Une photographie de l'exposition aux pesticides: les riverains des vignes sont plus imprégnés que les autres Français, conclut une étude nationale inédite, dévoilée lundi par deux agences sanitaires, sans déterminer à ce stade les impacts potentiels sur la santé.

Très attendue, l'étude PestiRiv a mesuré la présence de 56 substances dans l'urine et les cheveux de 1.946 adultes et 742 enfants, ainsi que dans l'air extérieur, les poussières et l'air des habitations, plus quelques potagers.

D'une ampleur inédite, elle a porté en 2021-2022 sur 265 sites dans six régions viticoles (Grand Ouest, Bourgogne Franche-Comté, Auvergne Rhône-Alpes, Provence-Alpes-Côte d'Azur, Occitanie, Nouvelle-Aquitaine).

Ce travail de Santé publique France et de l'Agence nationale de sécurité sanitaire de l'alimentation, de l'environnement et du travail (Anses) a aussi recherché d'autres sources d'exposition potentielles (alimentation, modes de vie).

"Cohérents" avec ceux d'études aux Etats-Unis et aux Pays-Bas, selon les deux agences, les résultats montrent que les riverains des vignobles "sont plus exposés aux produits phytopharmaceutiques (fongicides, herbicides, insecticides ndlr) que ce(ux) vivant loin de toute culture". Ils ont été communiqués aux parties prenantes (exploitants, élus locaux, ONG...)

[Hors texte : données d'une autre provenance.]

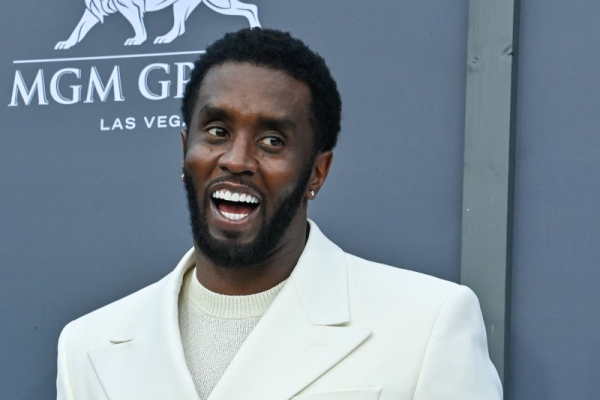 Sean 'Diddy' Combs pleads not guilty to new charges in racketeering, sex-trafficking case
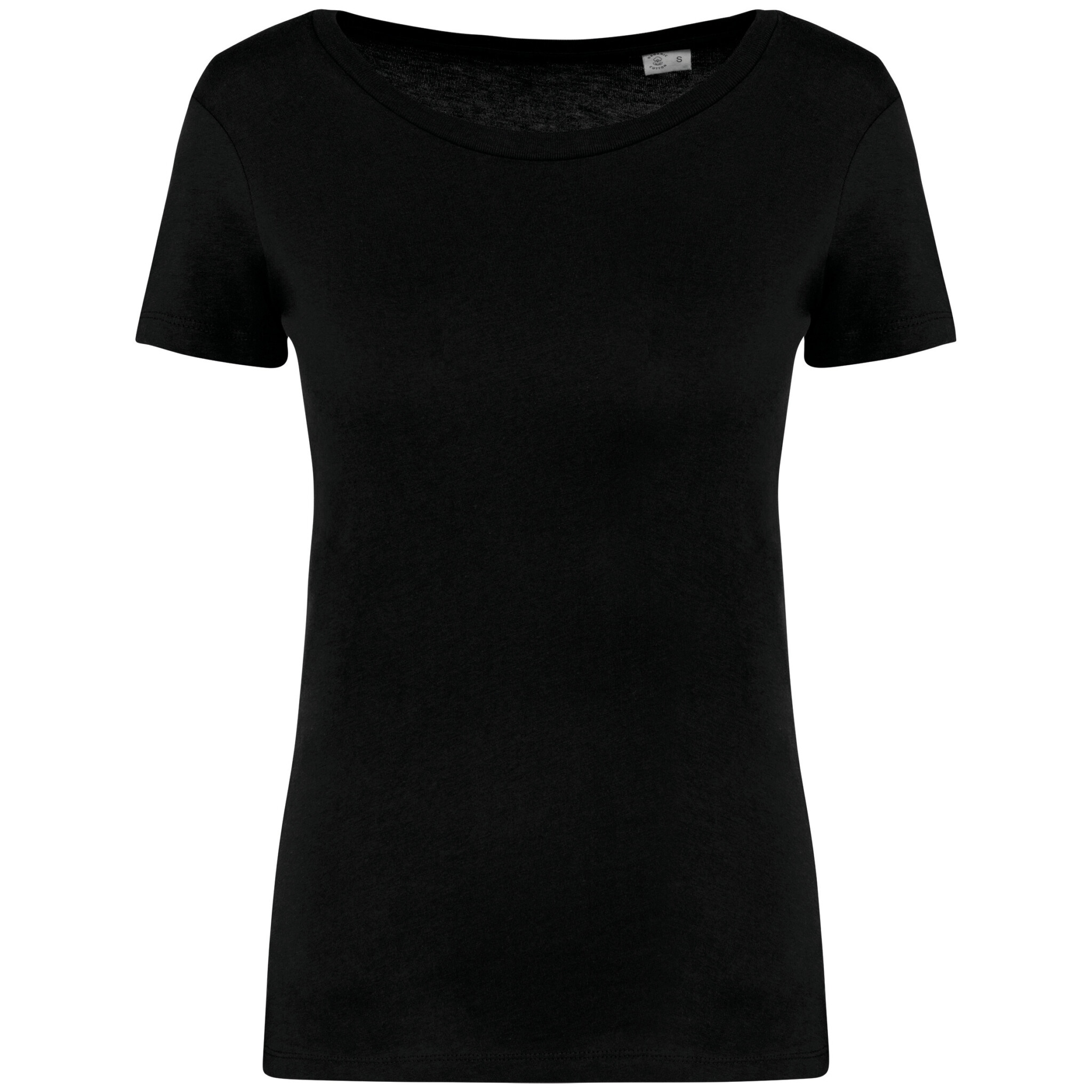 Miniature 6 pour T-shirt écoresponsable femme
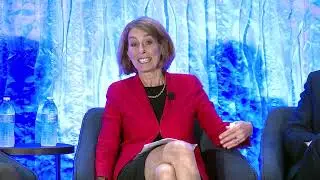 The Future of Cancer Medicine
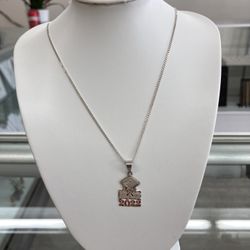 Graduación Plata 925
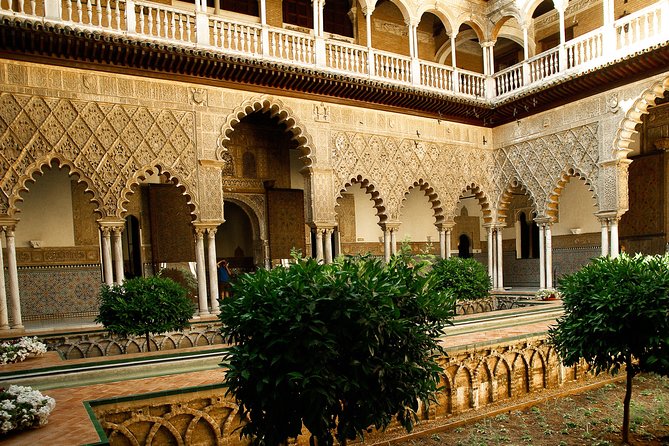 Alcazar of Seville Tour With Skip the Line Ticket - Cancellation Policy and Refunds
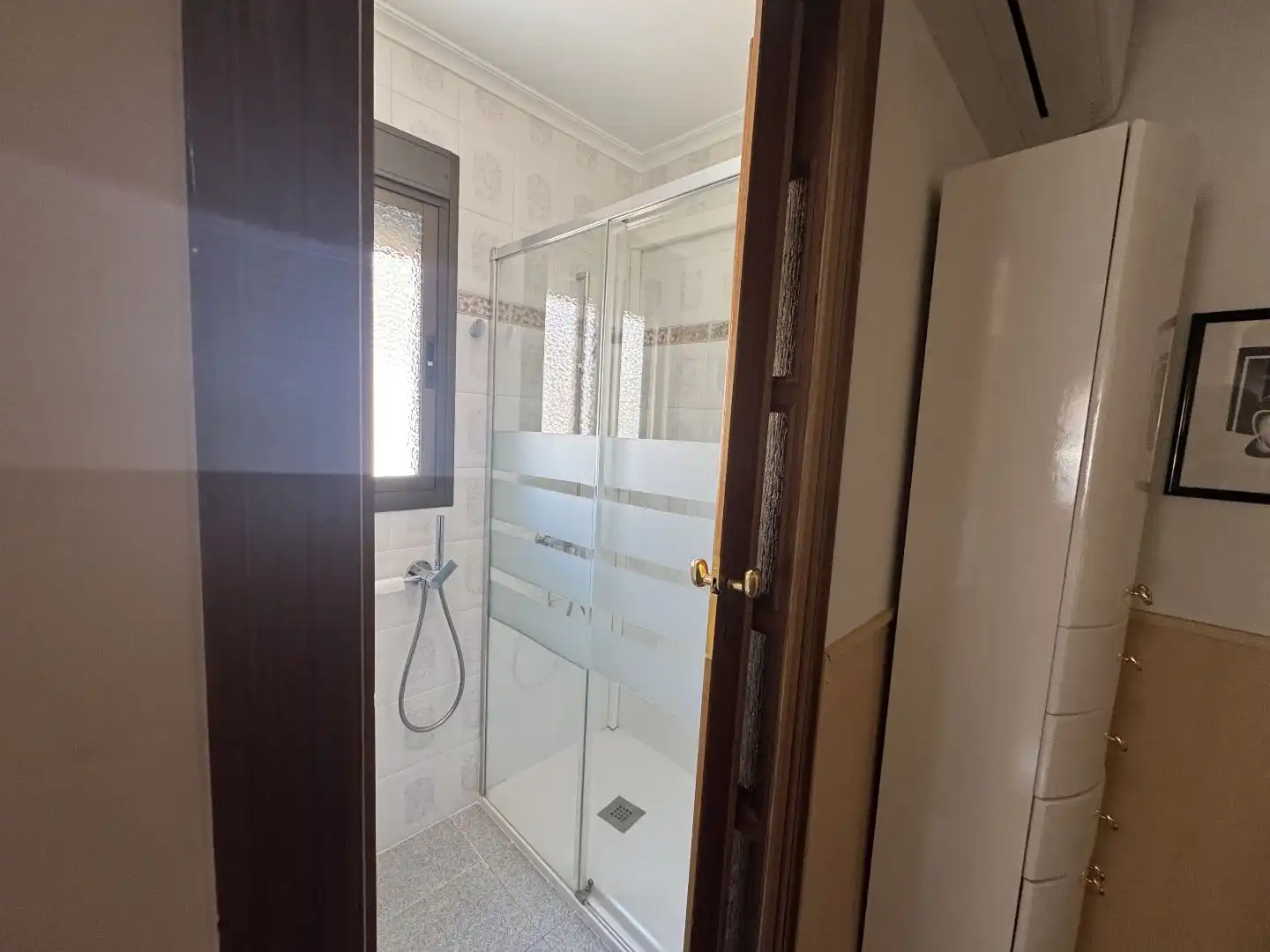 Houses for sale in Carrer de Màlaga, 22, Playa Morro de Gos Bathroom of Houses for sale in Oropesa del Mar / Orpesa with Heating, Terrace and Storage room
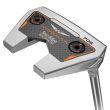 Putter Exotics Wingman 705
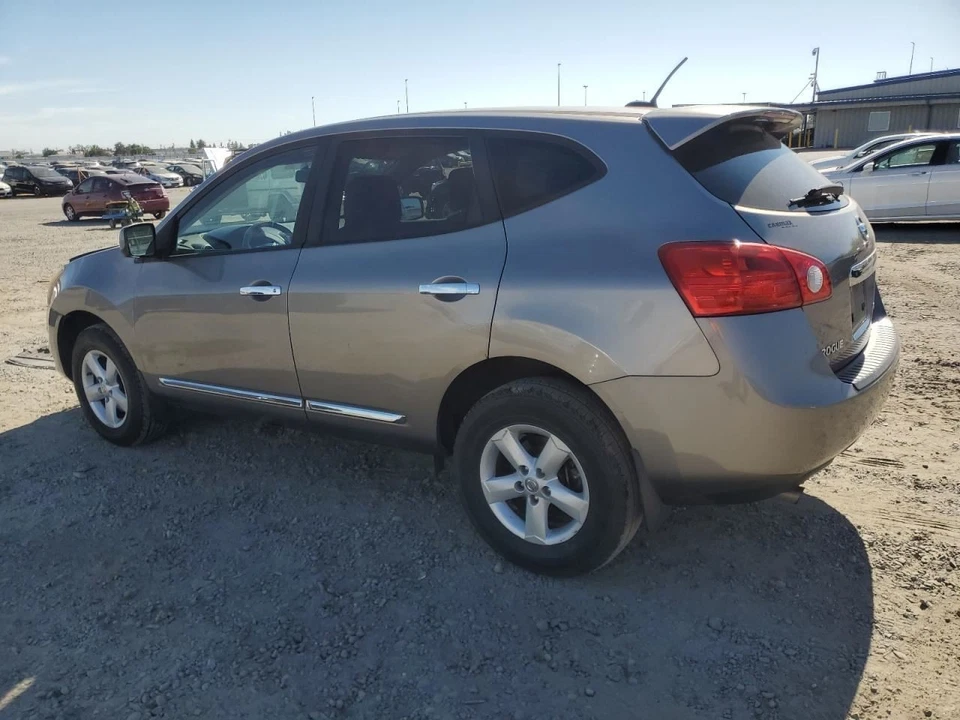 Interruptor de encendido compatible con 13-21 NV200 7517282 Foto 2 de 4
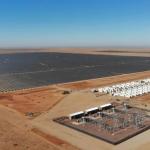 Operation for Obelisk Substation 220KV / 33KV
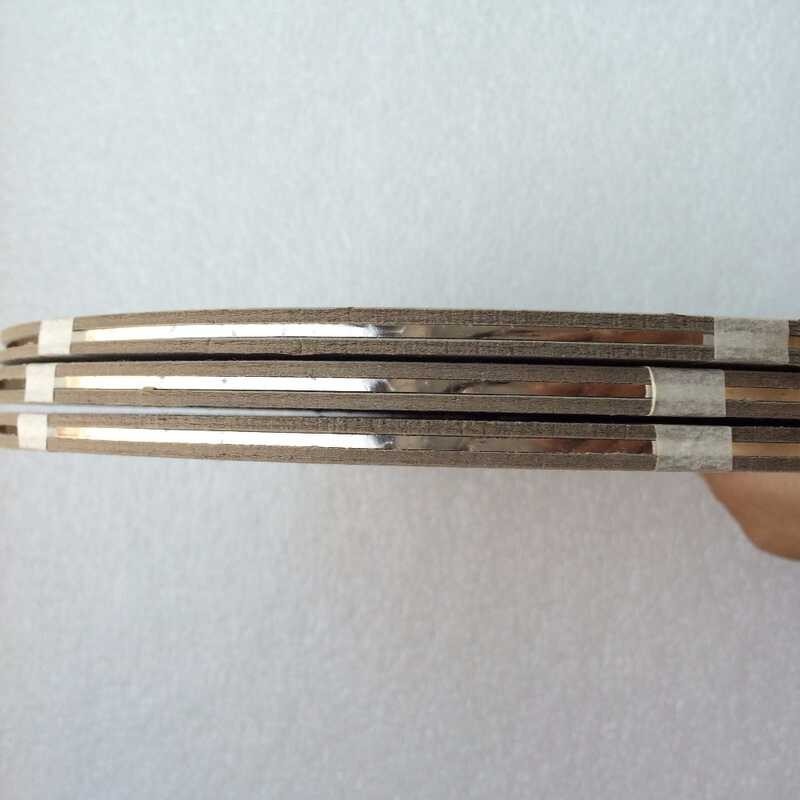 3.0Mm ∮ 4.0Mm 5Mm Solar Inter k Strip - Bus Tabbing Wire PV Ribbons ...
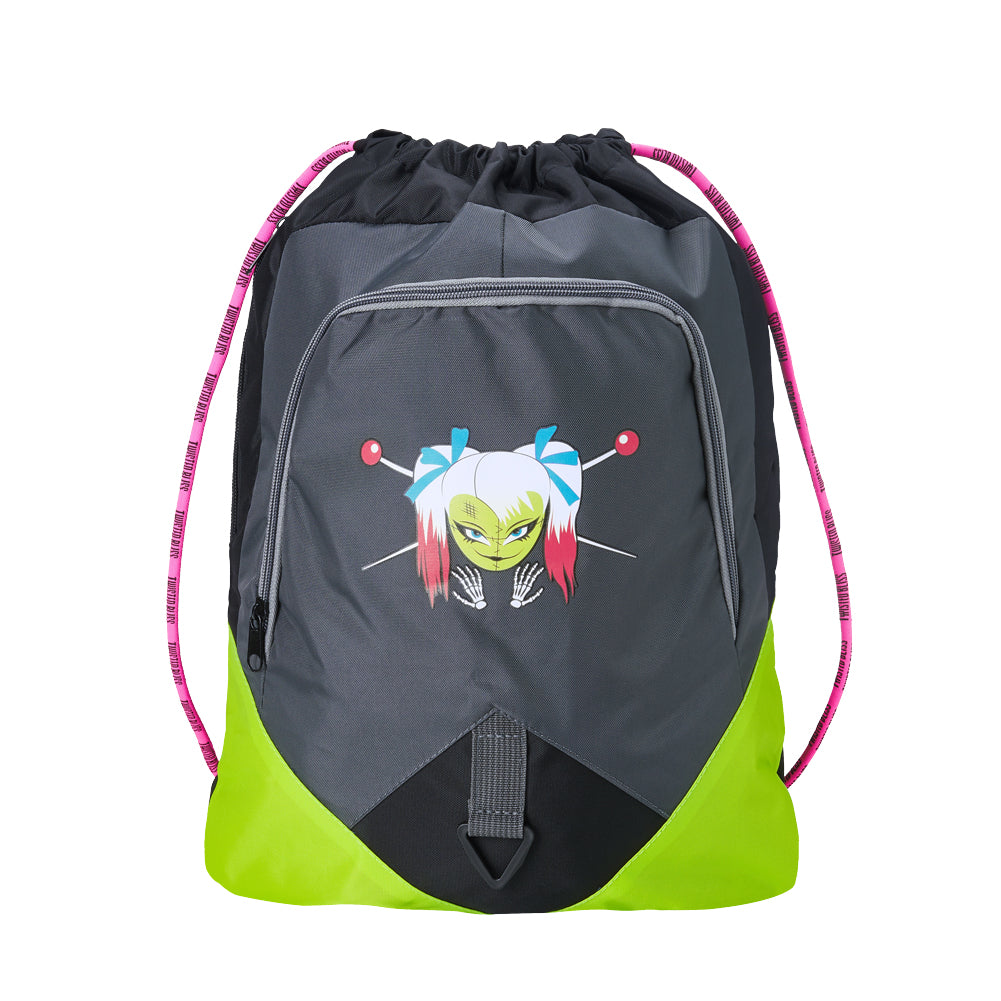 Alexa Bliss "Little Miss Bliss" Drawstring Bag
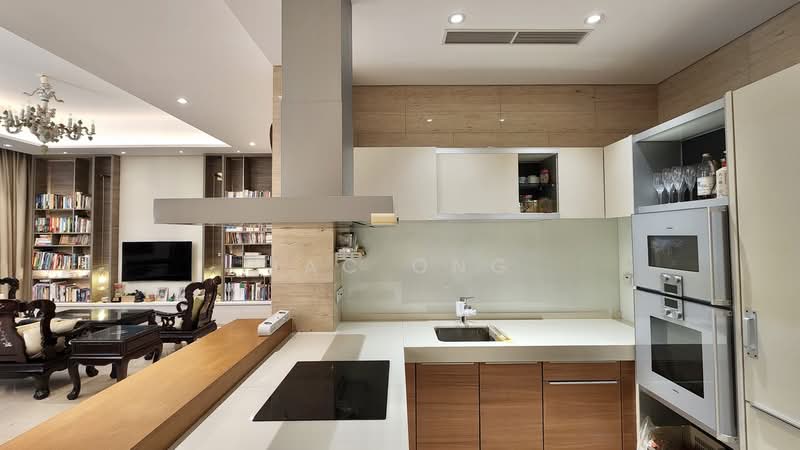 Bishopsgate Residences, 1 Bishopsgate, 4 Bedrooms, 2,949 sqft, Apartment For Sale, by Jac Ong, 24994811 - PropertyGuru.com.sg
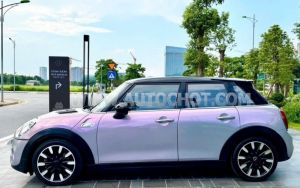 Xe Mini Cooper S 5Dr 2016
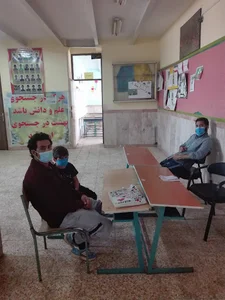 مدرسه برهان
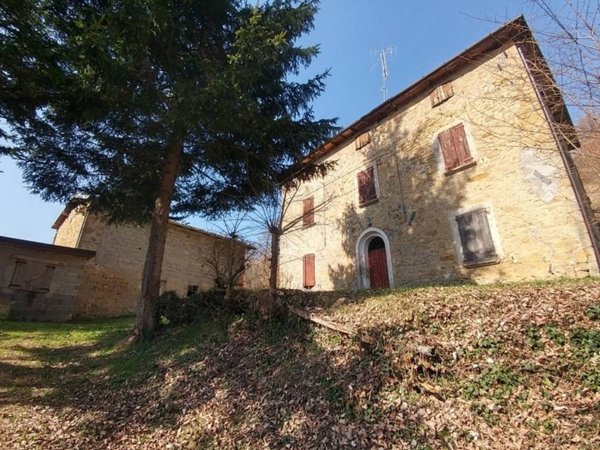 casa indipendente in vendita a Zocca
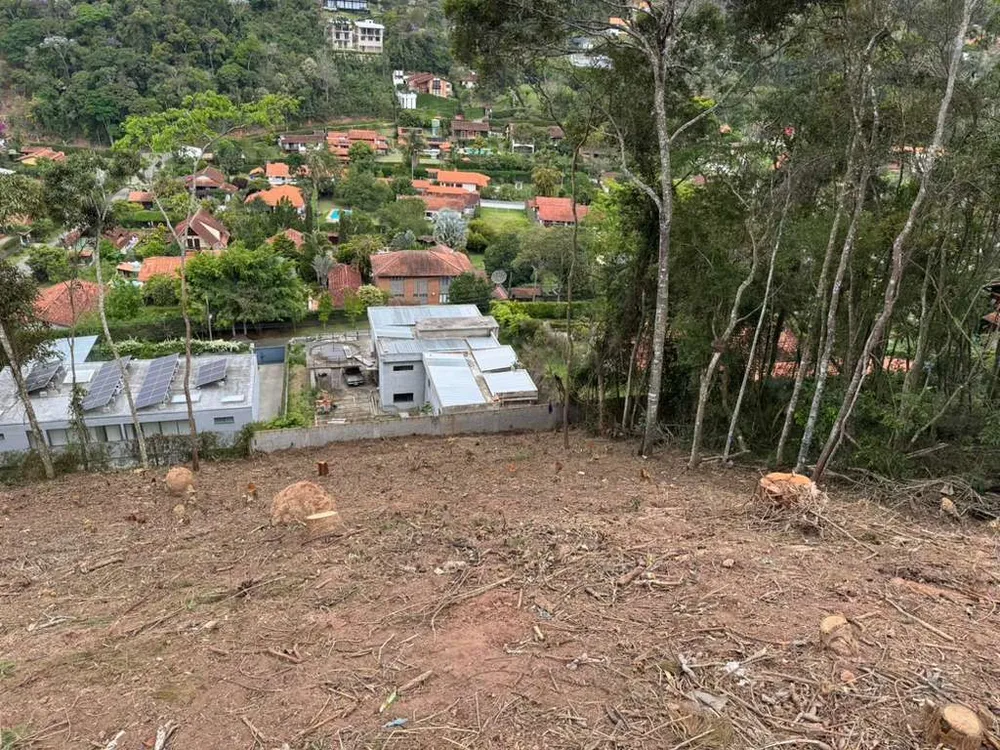 Loteamento e Condomínio, 1385 m² - Foto 6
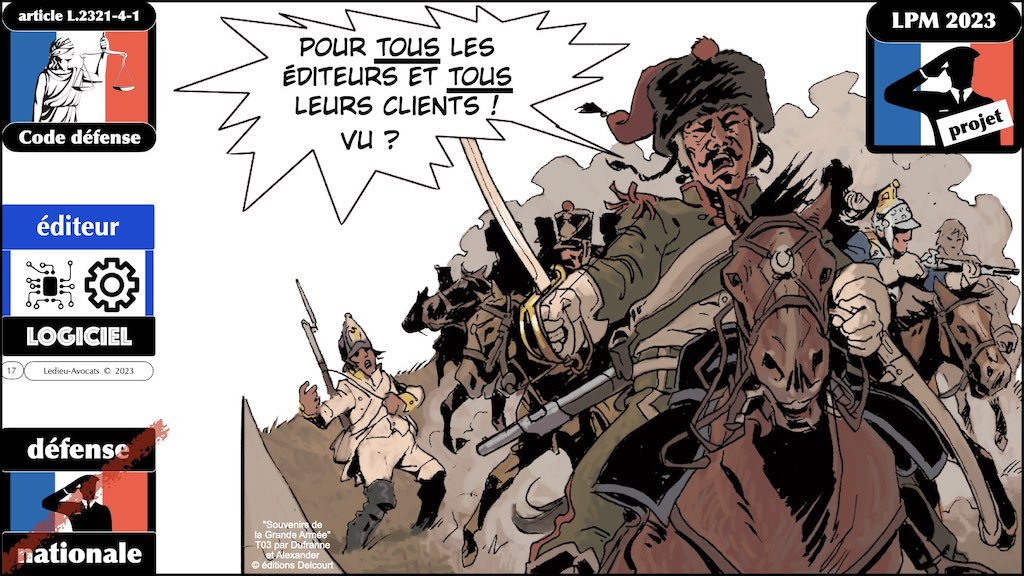 projet LPM 2023 spécial cyber sécurité #1 éditeur de logiciel © Ledieu-Avocats 16-04-2023.017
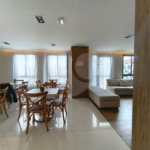 Apartamento à venda com 1 quarto em Vila Guilherme, São Paulo, SP
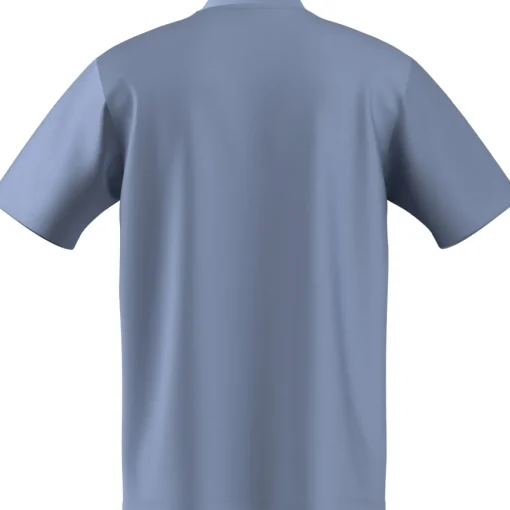 Herren Adidas Essentials Small Logo Single Jersey T-Shirt
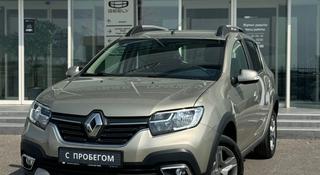 Renault Sandero Stepway 2015 года за 4 890 000 тг. в Шымкент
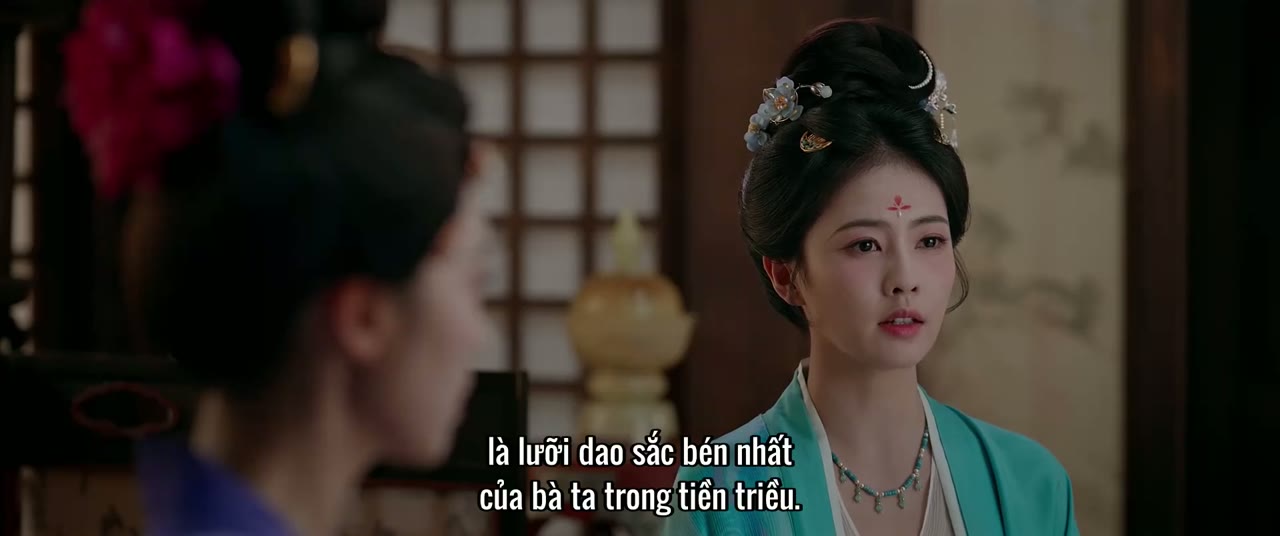 Mạc Ly tập 26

La majorité des substances, spécifiques à cette culture (folpel, métirame) ou pas (glyphosate, fosétyl-aluminium, spiroxamine...), ont été retrouvées près des vignes - culture choisie pour sa forte consommation de ces produits et sa proximité des habitations.

- Absence de données d'utilisation-

En zone viticole ont été retrouvés des niveaux de contamination parfois supérieurs de "45% dans les urines", "plus de 1.000% dans les poussières", "12 fois" plus grands dans l'air ambiant, comparés aux zones éloignées de toute culture, a détaillé à la presse Clémence Fillol (SpF).

En période de traitement des cultures, les "niveaux de contamination pouvaient augmenter de jusqu'à 60% dans les urines ou selon les pesticides mesurés", de "plus de 700% dans les poussières, et jusqu'à "45 fois dans l'air ambiant", a-t-elle poursuivi.

Deux facteurs principaux sont apparus dans cette exposition: elle augmente avec la quantité de pesticide épandue et diminue avec l'éloignement des vignes, a précisé Ohri Yamada (Anses).

La durée d'aération du logement et du temps passé à l'extérieur jouent aussi, dans une moindre mesure.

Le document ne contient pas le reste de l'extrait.